*** Material supplied ***
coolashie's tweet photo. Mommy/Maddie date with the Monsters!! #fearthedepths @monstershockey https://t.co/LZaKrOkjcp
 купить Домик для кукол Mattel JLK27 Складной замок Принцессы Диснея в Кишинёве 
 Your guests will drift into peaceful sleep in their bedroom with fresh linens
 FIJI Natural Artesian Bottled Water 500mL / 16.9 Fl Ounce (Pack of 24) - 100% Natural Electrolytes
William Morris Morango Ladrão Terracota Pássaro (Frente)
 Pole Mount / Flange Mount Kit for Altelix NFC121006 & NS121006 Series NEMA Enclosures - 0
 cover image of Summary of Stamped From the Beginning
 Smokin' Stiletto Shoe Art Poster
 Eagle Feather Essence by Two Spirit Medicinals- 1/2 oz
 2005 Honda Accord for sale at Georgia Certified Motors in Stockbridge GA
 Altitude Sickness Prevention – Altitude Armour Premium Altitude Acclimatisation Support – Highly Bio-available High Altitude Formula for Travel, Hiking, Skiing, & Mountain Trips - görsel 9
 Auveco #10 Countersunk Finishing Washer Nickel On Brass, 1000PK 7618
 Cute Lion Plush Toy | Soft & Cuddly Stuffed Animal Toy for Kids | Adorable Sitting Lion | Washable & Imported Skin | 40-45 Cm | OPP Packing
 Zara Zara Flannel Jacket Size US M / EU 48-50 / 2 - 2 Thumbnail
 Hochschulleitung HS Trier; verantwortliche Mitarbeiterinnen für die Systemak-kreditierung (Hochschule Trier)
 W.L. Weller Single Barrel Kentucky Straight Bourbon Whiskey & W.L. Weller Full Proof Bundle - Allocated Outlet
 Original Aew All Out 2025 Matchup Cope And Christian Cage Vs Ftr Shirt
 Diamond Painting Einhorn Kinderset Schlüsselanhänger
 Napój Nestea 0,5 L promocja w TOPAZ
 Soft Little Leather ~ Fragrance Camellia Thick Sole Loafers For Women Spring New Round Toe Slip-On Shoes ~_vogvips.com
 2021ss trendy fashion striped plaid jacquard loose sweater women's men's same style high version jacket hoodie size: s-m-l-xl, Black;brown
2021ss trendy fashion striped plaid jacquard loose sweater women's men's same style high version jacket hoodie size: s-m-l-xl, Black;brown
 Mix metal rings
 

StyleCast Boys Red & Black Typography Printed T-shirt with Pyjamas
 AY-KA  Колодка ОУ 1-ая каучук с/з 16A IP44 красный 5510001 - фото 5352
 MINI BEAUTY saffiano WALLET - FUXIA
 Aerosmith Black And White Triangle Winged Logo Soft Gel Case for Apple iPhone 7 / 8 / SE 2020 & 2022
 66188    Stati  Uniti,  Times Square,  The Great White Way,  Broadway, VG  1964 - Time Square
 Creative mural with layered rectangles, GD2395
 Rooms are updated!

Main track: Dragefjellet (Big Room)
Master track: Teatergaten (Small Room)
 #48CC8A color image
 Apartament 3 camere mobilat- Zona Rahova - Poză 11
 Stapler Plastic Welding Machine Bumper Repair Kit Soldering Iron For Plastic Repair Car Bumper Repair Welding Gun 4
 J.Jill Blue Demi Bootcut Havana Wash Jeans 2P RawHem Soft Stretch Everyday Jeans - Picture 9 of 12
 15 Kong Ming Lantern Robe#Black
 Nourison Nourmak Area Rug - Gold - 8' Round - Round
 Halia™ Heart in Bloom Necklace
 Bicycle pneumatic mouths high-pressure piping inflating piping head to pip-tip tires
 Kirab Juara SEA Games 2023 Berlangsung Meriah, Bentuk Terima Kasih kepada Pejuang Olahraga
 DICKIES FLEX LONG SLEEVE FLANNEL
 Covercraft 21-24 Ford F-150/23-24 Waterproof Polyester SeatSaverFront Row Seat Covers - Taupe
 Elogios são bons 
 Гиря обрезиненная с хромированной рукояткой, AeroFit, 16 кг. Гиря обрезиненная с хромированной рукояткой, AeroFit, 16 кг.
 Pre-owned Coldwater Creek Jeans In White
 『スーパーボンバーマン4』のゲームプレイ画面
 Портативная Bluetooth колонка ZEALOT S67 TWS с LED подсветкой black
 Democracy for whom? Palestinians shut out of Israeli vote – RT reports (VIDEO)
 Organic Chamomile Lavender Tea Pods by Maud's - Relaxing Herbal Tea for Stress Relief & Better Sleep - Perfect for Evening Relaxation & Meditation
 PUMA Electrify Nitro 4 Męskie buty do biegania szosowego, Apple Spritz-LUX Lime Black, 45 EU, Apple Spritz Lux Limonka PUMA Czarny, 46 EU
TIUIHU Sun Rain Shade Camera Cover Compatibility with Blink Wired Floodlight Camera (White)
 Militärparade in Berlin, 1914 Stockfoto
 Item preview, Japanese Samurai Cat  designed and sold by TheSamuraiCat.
*** End of Material supplied ***
__What needs to be done__. Each entry must be output exactly as it was written.

__Solution for this exercise__.
coolashie's tweet photo. Mommy/Maddie date with the Monsters!! #fearthedepths @monstershockey https://t.co/LZaKrOkjcp
 купить Домик для кукол Mattel JLK27 Складной замок Принцессы Диснея в Кишинёве 
 Your guests will drift into peaceful sleep in their bedroom with fresh linens
 FIJI Natural Artesian Bottled Water 500mL / 16.9 Fl Ounce (Pack of 24) - 100% Natural Electrolytes
William Morris Morango Ladrão Terracota Pássaro (Frente)
 Pole Mount / Flange Mount Kit for Altelix NFC121006 & NS121006 Series NEMA Enclosures - 0
 cover image of Summary of Stamped From the Beginning
 Smokin' Stiletto Shoe Art Poster
 Eagle Feather Essence by Two Spirit Medicinals- 1/2 oz
 2005 Honda Accord for sale at Georgia Certified Motors in Stockbridge GA
 Altitude Sickness Prevention – Altitude Armour Premium Altitude Acclimatisation Support – Highly Bio-available High Altitude Formula for Travel, Hiking, Skiing, & Mountain Trips - görsel 9
 Auveco #10 Countersunk Finishing Washer Nickel On Brass, 1000PK 7618
 Cute Lion Plush Toy | Soft & Cuddly Stuffed Animal Toy for Kids | Adorable Sitting Lion | Washable & Imported Skin | 40-45 Cm | OPP Packing
 Zara Zara Flannel Jacket Size US M / EU 48-50 / 2 - 2 Thumbnail
 Hochschulleitung HS Trier; verantwortliche Mitarbeiterinnen für die Systemak-kreditierung (Hochschule Trier)
 W.L. Weller Single Barrel Kentucky Straight Bourbon Whiskey & W.L. Weller Full Proof Bundle - Allocated Outlet
 Original Aew All Out 2025 Matchup Cope And Christian Cage Vs Ftr Shirt
 Diamond Painting Einhorn Kinderset Schlüsselanhänger
 Napój Nestea 0,5 L promocja w TOPAZ
 Soft Little Leather ~ Fragrance Camellia Thick Sole Loafers For Women Spring New Round Toe Slip-On Shoes ~_vogvips.com
 2021ss trendy fashion striped plaid jacquard loose sweater women's men's same style high version jacket hoodie size: s-m-l-xl, Black;brown
2021ss trendy fashion striped plaid jacquard loose sweater women's men's same style high version jacket hoodie size: s-m-l-xl, Black;brown
 Mix metal rings
 

StyleCast Boys Red & Black Typography Printed T-shirt with Pyjamas
 AY-KA  Колодка ОУ 1-ая каучук с/з 16A IP44 красный 5510001 - фото 5352
 MINI BEAUTY saffiano WALLET - FUXIA
 Aerosmith Black And White Triangle Winged Logo Soft Gel Case for Apple iPhone 7 / 8 / SE 2020 & 2022
 66188    Stati  Uniti,  Times Square,  The Great White Way,  Broadway, VG  1964 - Time Square
 Creative mural with layered rectangles, GD2395
 Rooms are updated!

Main track: Dragefjellet (Big Room)
Master track: Teatergaten (Small Room)
 #48CC8A color image
 Apartament 3 camere mobilat- Zona Rahova - Poză 11
 Stapler Plastic Welding Machine Bumper Repair Kit Soldering Iron For Plastic Repair Car Bumper Repair Welding Gun 4
 J.Jill Blue Demi Bootcut Havana Wash Jeans 2P RawHem Soft Stretch Everyday Jeans - Picture 9 of 12
 15 Kong Ming Lantern Robe#Black
 Nourison Nourmak Area Rug - Gold - 8' Round - Round
 Halia™ Heart in Bloom Necklace
 Bicycle pneumatic mouths high-pressure piping inflating piping head to pip-tip tires
 Kirab Juara SEA Games 2023 Berlangsung Meriah, Bentuk Terima Kasih kepada Pejuang Olahraga
 DICKIES FLEX LONG SLEEVE FLANNEL
 Covercraft 21-24 Ford F-150/23-24 Waterproof Polyester SeatSaverFront Row Seat Covers - Taupe
 Elogios são bons 
 Гиря обрезиненная с хромированной рукояткой, AeroFit, 16 кг. Гиря обрезиненная с хромированной рукояткой, AeroFit, 16 кг.
 Pre-owned Coldwater Creek Jeans In White
 『スーパーボンバーマン4』のゲームプレイ画面
 Портативная Bluetooth колонка ZEALOT S67 TWS с LED подсветкой black
 Democracy for whom? Palestinians shut out of Israeli vote – RT reports (VIDEO)
 Organic Chamomile Lavender Tea Pods by Maud's - Relaxing Herbal Tea for Stress Relief & Better Sleep - Perfect for Evening Relaxation & Meditation
 PUMA Electrify Nitro 4 Męskie buty do biegania szosowego, Apple Spritz-LUX Lime Black, 45 EU, Apple Spritz Lux Limonka PUMA Czarny, 46 EU
TIUIHU Sun Rain Shade Camera Cover Compatibility with Blink Wired Floodlight Camera (White)
 Militärparade in Berlin, 1914 Stockfoto
 Item preview, Japanese Samurai Cat  designed and sold by TheSamuraiCat.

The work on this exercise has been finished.